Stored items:
"""
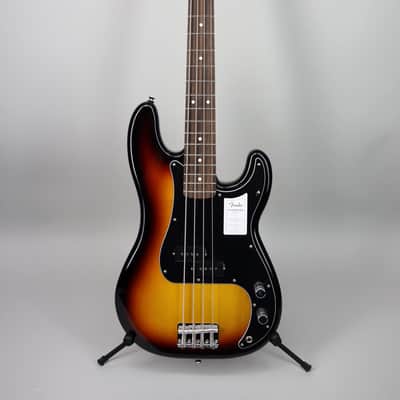 Fender Standard Precision Bass 3-Color Sunburst image 2
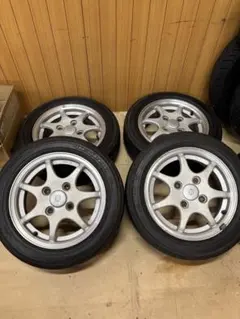 z*u様 スズキカプチーノの純正ホイールタイヤセット 2026年最新】純正ホイール カプチーノの人気アイテム - メルカリ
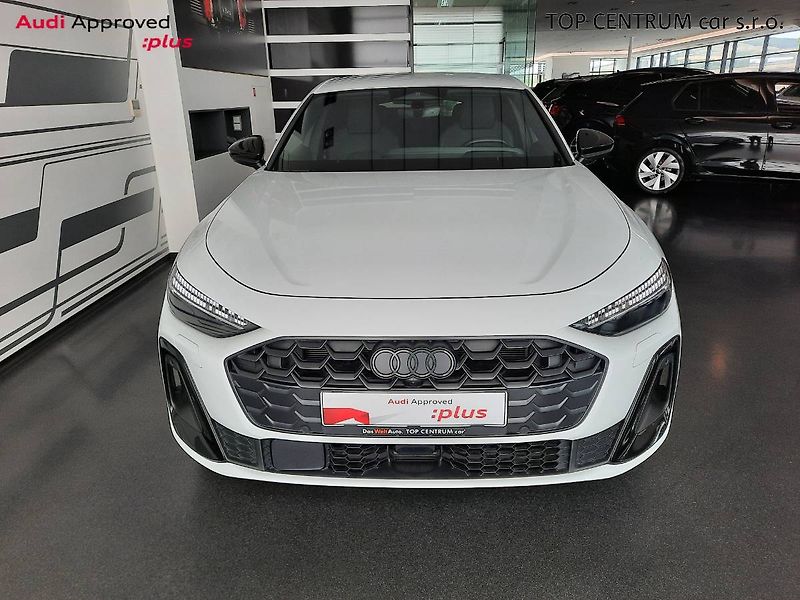 Audi A5 (2025) 2.0 TDI quattro (150kW/204k) S - fotka 4 z 29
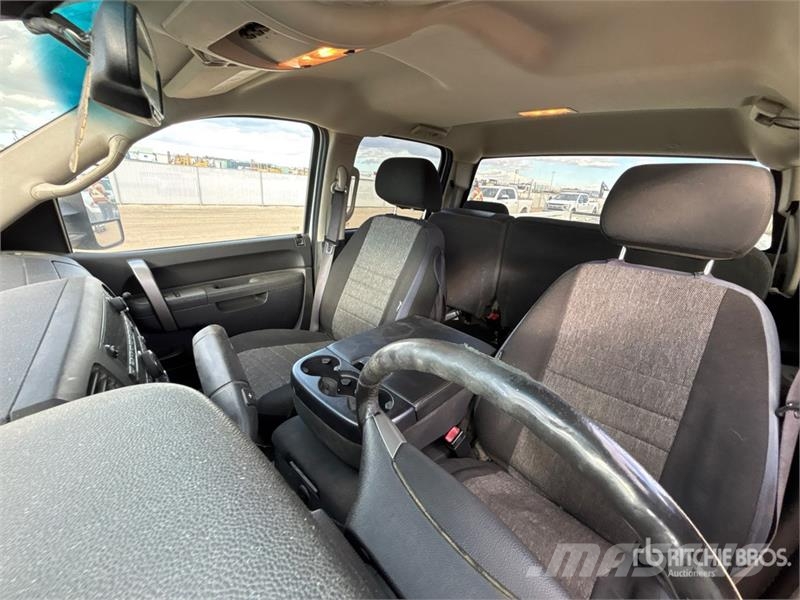 GMC Sierra 2500HD Muut autot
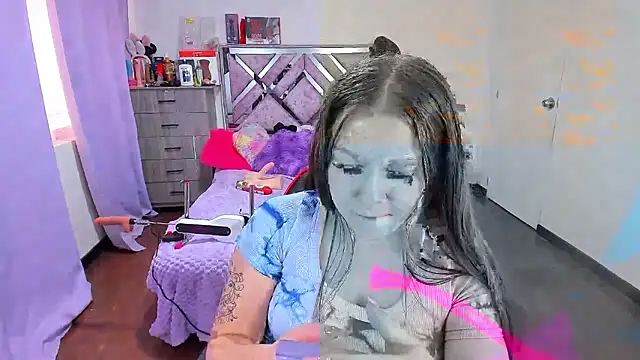 Luna Analya online show from 01-08-26, 02:12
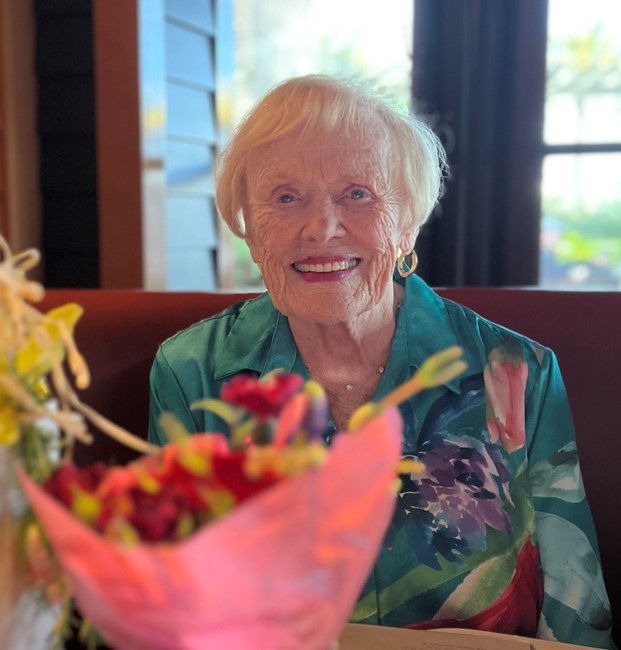 Obituary of Kathleen Rolfes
"""
Task instructions> Repeat the data above exactly, leaving out any pictures it holds.

Worked solution>
 Fender Standard Precision Bass 3-Color Sunburst image 2
 z*u様 スズキカプチーノの純正ホイールタイヤセット 2026年最新】純正ホイール カプチーノの人気アイテム - メルカリ
 Audi A5 (2025) 2.0 TDI quattro (150kW/204k) S - fotka 4 z 29
 GMC Sierra 2500HD Muut autot
 Luna Analya online show from 01-08-26, 02:12
 Obituary of Kathleen Rolfes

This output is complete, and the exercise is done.